本日までに読んだ「近代絵画史(下)」(高階秀爾)は、第13章「世紀末絵画」、第14章「ドイツ表現主義」、第15章「マティスとフォーヴィズム」、第16章「フォーヴの画家たち」まで。
この本では、マティスとヴラマンクの評価が高く、ルオーともどもそれなりの言及があるのはうれしい限りである。下巻は多くの画家を取り上げているので、ひとりひとりは紹介だけのような記述が多いが、この3名とドランについては多くを費やしている。
「マティスが優美な様式のなかにそのままとどまっていたとしたら、そこにある種の安易さが生まれてくることは避けられなかったであろう。20年代になって、世間一般の賞賛を受けるようになったマティスにはその危険があった。だが、自己の本質に忠実でありながら、新しい表現を求めていくマティスは20年代末ごろからさらに新しい飛躍を示すようになる。大胆なデフォルマシオンによる線のアラベスクの効果と、思い切った色彩の対照によって、装飾的であると同時にもにゅメンタルな構成を実現することであった。」
「フォーヴの仲間たちのうちで「野獣」というイメージに最もふさわしい画家を上げるとすれば、モーリス・ド・ヴラマンクがその人である。‥そのエネルギーをカンヴァスの上に放出するためにのみ画家になったかのような人であった。‥ヴラマンクだけが粗野なまでの色彩の不協和音と誇張された集かいな表現によってドイツ表現主義の画家に近いものを感じさせる‥。アカデミックな権威を故意に無視しようとする彼の反抗的意志に由来する‥。彼が公然とその影響を認めた先輩は、もうひとりの独学の画家であるヴァン・ゴッホだけであった。」
「ルオーは可能な限り激越な手段によって、あらゆる人間の心の奥底にひそむ悪を白日の下にさらけ出そうとするのである。しかしルオーのこの激しい表現主義も、第一次大戦以降、次第に落ち着いた、静かな世界へと移っていく。おぞましい人間のかわりに、神や聖女が登場し、風景も優しさを取り戻す。‥どこか哀愁のこもった静かな風景、優しい人間的感情、憐れみと諦め、魂の高貴さなどを暗示する静謐な人間像が画面の主役を占めるようになる。」
実は私はマティスは好きであるが、その生涯や作品の変遷が記憶に残っていない。2004年の国立西洋美術館での展覧会の図録を見ながら、もう一度勉強のしなおしが必要だと思う。この記述を受けて、マティスの生涯をせめてこの時の図録で追ってみたいと思う。

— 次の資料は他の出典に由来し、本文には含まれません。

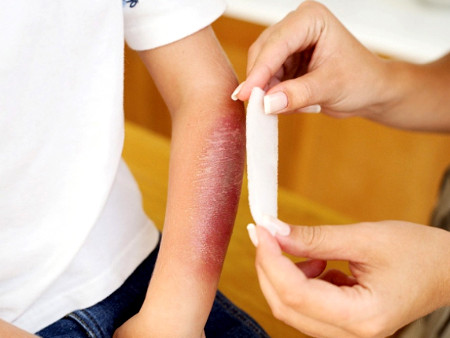 Những lưu ý khi chăm trẻ bị bỏng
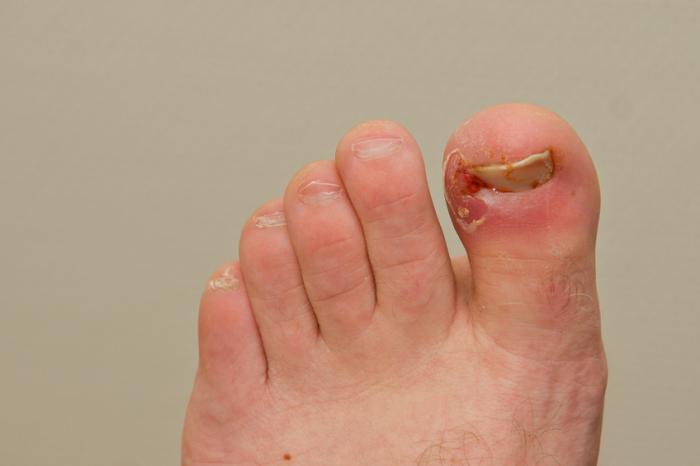 What causes an ingrown toenail?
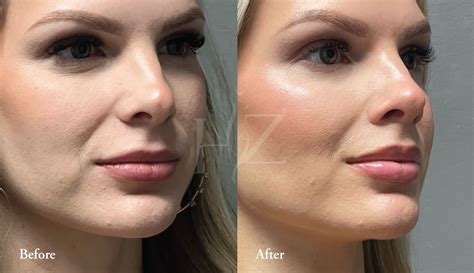 Upper Lip Lift Before & After — HZ Plastic Surgery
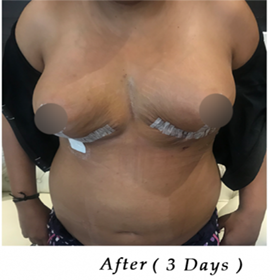 best Breast surgery in India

ヴラマンクについては、1989年の日本橋三越での「没後30年ヴラマンク展」と、1997年のBukamuraザ・ミュージアムでの「ヴラマンク展」に行っている。1989年の時に初めてヴラマンクの名を知った。展覧会では、一見セザンヌやルオーのような風景作品を見たのち、1950年以降の激しいタッチと嵐の前のような不気味な空、それらに翻弄されるような地上の人間の作った家屋や道の表現に圧倒された。それ以来、激しい画家の情念が叩きつけられたような画面に魅入られている。
また、ゴッホの向日葵を彷彿とさせる、花瓶の向日葵を含む花の連作も激しい内なる情念をそのまま映したようで好きである。

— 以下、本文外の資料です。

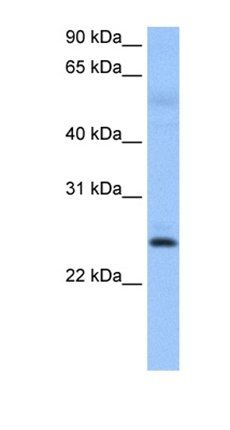 ROPN1B antibody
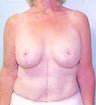 62 year old female patient 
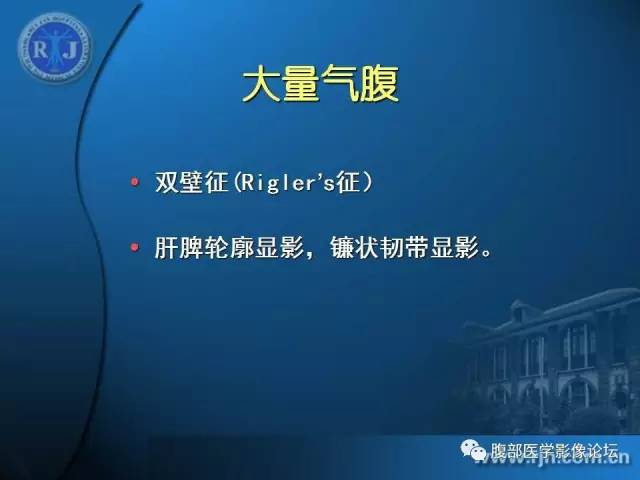 【PPT】 急腹症时的腹腔积气与积液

ルオーについて高階秀爾の指摘である「おぞましい人間のかわりに、風景も優しさを取り戻す。哀愁の籠もった静かな風景、優しい人間的感情、憐れみと諦め、魂の高貴さ‥」という記述について、少し異論がある。あくまでも私の感覚では、もともと「優しさ」も「哀愁」も「諦め」もルオーは生涯変わらずに秘めていたと思っている。どこか思想が転向したのではなく、ルオーの中では一貫している。私はその「一貫している」ことを強調したい。そうしてルオーの作品を私は見ることにしている。
ルオーの描く孤独な「道化」や「キリスト」、あるいは「哀愁」こそが社会と格闘したルオーの原点であったと思う。
この4つの章では、カンディンスキーやブラックなども出てくるが、マルクやベックリンの名も出てきた。名前は知っているが、作品をそれぞれここに掲げられている各1点しか知らない。できれば、作品集を見たいと思った。